The west-Anatolian-Aegean area underwent a series of multiple continental collisions which started in the Mesozoic (Sengor and Yilmaz, 1981). The collisional zone (e.g., the Vardar-Izmir-Ankara suture zone) migrated southwestward or southward, down to the present position of the Cyprus-Hellenic subduction zone. There are several papers that described the opening of the Aegean Sea and the surrounding extensional areas as a backarc basin (e.g., Horvath and Berckhemer, 1982, Royden, 1993) in the hangingwall of the Hellenic subduction zone (Christova and Nikolova, 1993) superimposing the Mesozoic to present orogens. Since McKenzie (1972), the migration of the Hellenic arc has been related to the northward push of the Arabian plate, and the interpreted consequent westward escape of the Anatolian plate. This idea was and still is so popular that in the literature it became a sort of dogma for the eastern Mediterranean geodynamics (e.g., Yaltõrak et al., 1998; Martinod et al., 2000; Bozkurt, 2001, and references therein). Recently, Seyitoglu and Scott (1996) and Gautier et al. (1999) questioned this point, showing that the Aegean extension pre-dates (Upper Oligocene-Lower Miocene) the Africa-Eurasia and Arabia-Eurasia collisions (Middle-Upper Miocene) and therefore it cannot be a consequence of it.
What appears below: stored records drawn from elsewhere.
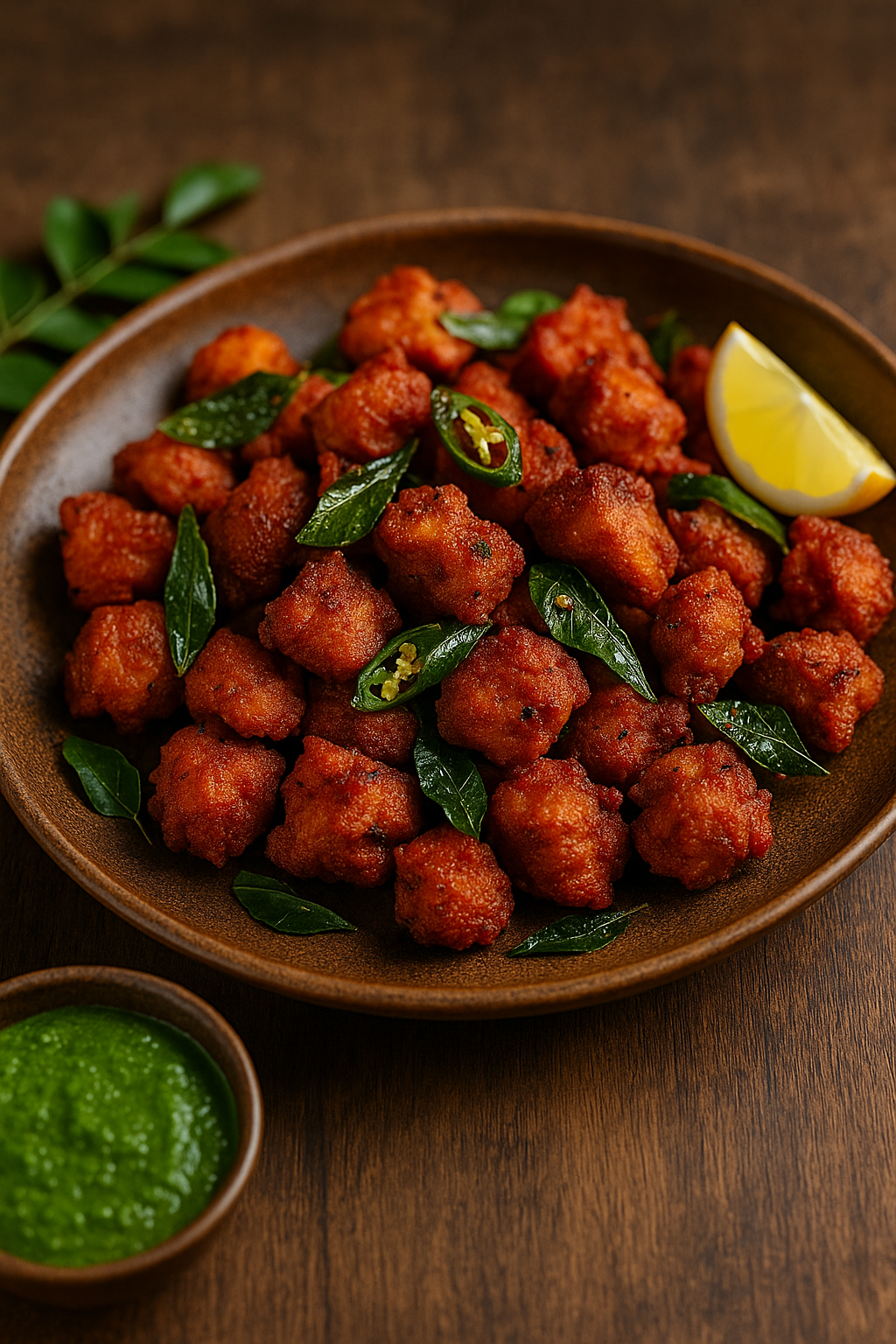 Chicken 65 🍗 South Indian Style 🇮🇳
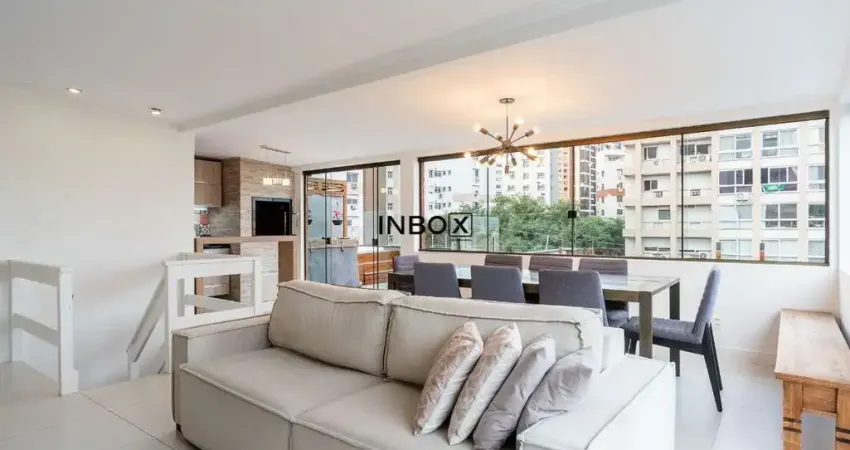 Cobertura EXCELENTE à Venda, 221 m² com 3 Quartos e 5 banheiros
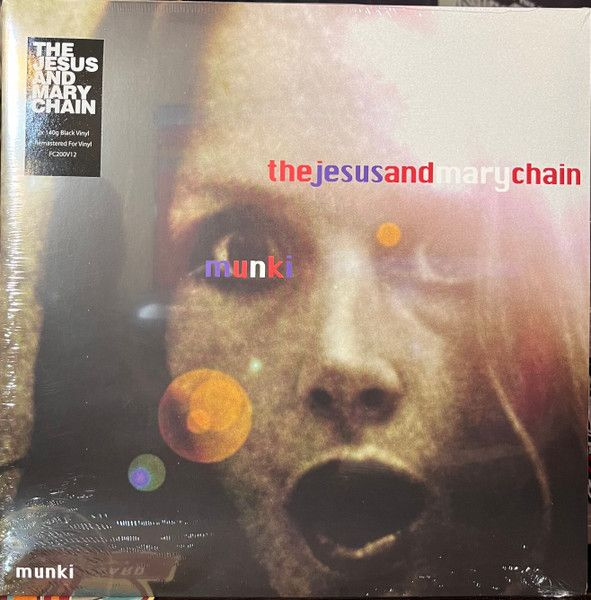THE JESUS AND MARY CHAIN Munki (2LP) Винил купить на OZON по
Extension in the “Aegean-Anatolia” realm is probably even older, dating back to the Late Eocene in Eastern Bulgaria as indicated by the early stages of opening of the Burgas Basin (Doglioni et al., 1996). It was then claimed that the gravitational collapse (Seyitoglu and Scott, 1996) allowed by extensional boundary conditions after 30 Ma (slab retreat) could be the primary cause for post-orogenic extension in the Aegean and Western Anatolia (Gautier et al., 1999; Jolivet, 2001). Two main magmatic signatures occur in the study area since Miocene times, i.e., 1) typical subduction-related, southwestward migrating Miocene to Present calk-alcaline volcanism and 2) Upper Miocene-Quaternary alkaline Na-rich magmatism (Benda et al., 1974; Yilmaz et al., 2001).

In this paper we discuss an alternative geodynamic scenario for the eastern Mediterranean. It is based on a multidisciplinary approach of structural field work, new geodetic computations, magmatic constraints and tectonic modeling.